The little girl's mother did not understand. She took the beautiful gift, placed it high on a shelf and never allowed the little girl to play with it. Once in a while the mother took it down, dusted off the top of the box, pulled the straw gently away from the tiny plates and allowed her to look at it, but if the child reached out even one chubby little finger she was quickly admonished not to touch and the box was put back on the shelf for another day. What that day was supposed to be no one will ever know because eventually the little girl grew up and forgot about her tiny box of beautiful cups and saucers.

One day the little girl fell in love and married. The grandmother made her a beautiful red table cloth and a set of napkins to match as a wedding gift, not something most people received in the sixties when life was all ironstone and avocado and harvest gold. It was a small linen cloth, made to fit a bridge table, or tea table and given to a generation even less likely to play bridge than the one before it. Still, it was a lovely gift, made with a craftsmanship and style forgotten by most women who were more likely to sew gingham mini dresses and wear love beads than drink tea from porcelain cups. The girl used it when she made chocolate fondues and then put it away and forgot it.

Many years later, when that little girl had children of her own, she remembered her tea set and the small red table cloth that was tucked away on another shelf way back high in the closet. She remembered what her mother had said and did not give the tiny dishes to her own daughter to play with, but she did get them out a few times and served tea on the small red table cloth to very appreciative little girls. And boys too, because her sons also invited friends over for luncheon and ate cookie cutter peanut butter and jelly sandwiches off of the plates while drinking apple juice from the little cups. Time passed and her little girl grew up and had little girls of her own.

She didn't see these little girls very often, but one day, while they were still small she got out the tea set and the little red table cloth and they ate their lunch on the little table at the end of her kitchen counter and it was such a sweet moment she never forgot it. It made her think of her own grandmother, a. little girl who grew up far away in the Carolinas and learned to sew when today's children were still watching Sesame Street. These little girls grew up too.

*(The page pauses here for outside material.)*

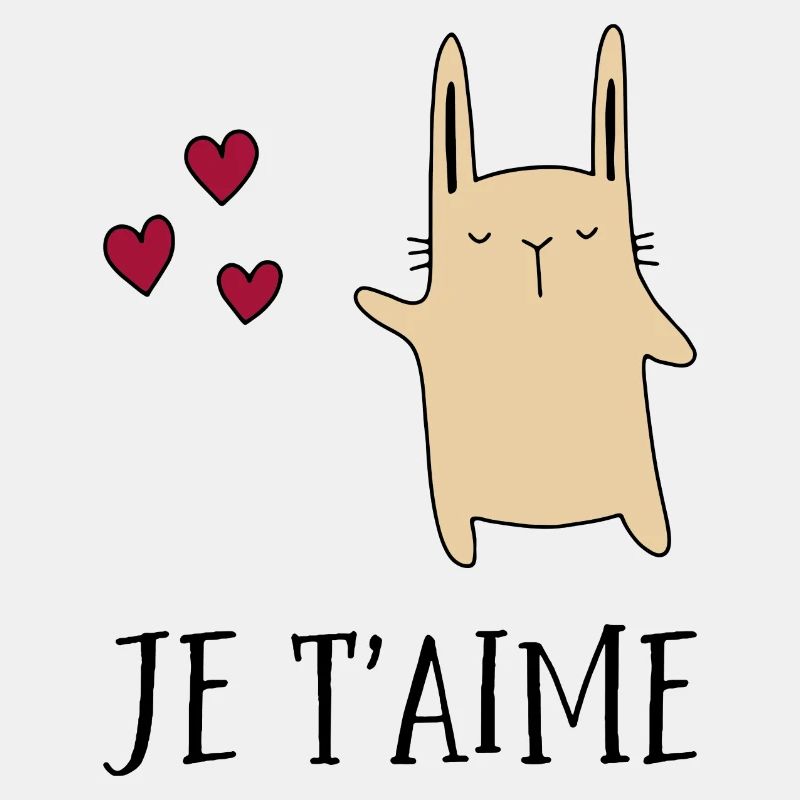 je t‘aime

Now the little girl who received a beautiful porcelain set of dishes from her grandmother when she was very small, is a grandmother one more time. Today was her birthday, so she got out her lovely little dishes and wiped them clean of the dust that has accumulated while they waited for the newest little diner. He is two years old, about the same age the little girl's grandmother was when she drank her first Cambridge tea. The little red table cloth covered his small table and it was set for a party. There was a tiny cake shaped like a dog, ice cream carved into tiny white balls, small hot dogs stuffed with cheese and baked in biscuits and chocolate poured from a porcelain tea pot. He used the small red napkin by the side of his plate, sang happy birthday in his high baby voice and it was a perfect day.

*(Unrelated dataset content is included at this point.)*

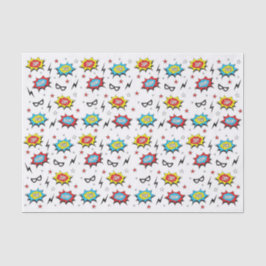 Superherd-Papiertaschentuch Seidenpapier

It was an old fashioned birthday, once more in the Carolinas. A birthday filled not with expensive store bought gifts no one can afford, but the gifts of love and good cheer and good manners surrounding the singing of songs and instruments played by those attending. It was a birthday filled with sweet smiles and sweet hugs and sweet food just like it might have been when his great great grandmother was growing up in the long aftermath of the civil war. It was a gift passed down through the ages from another grandmother who loved a little girl as much as I love Brooke and Tiffany and Lennon.

Love's legacy never goes out of style.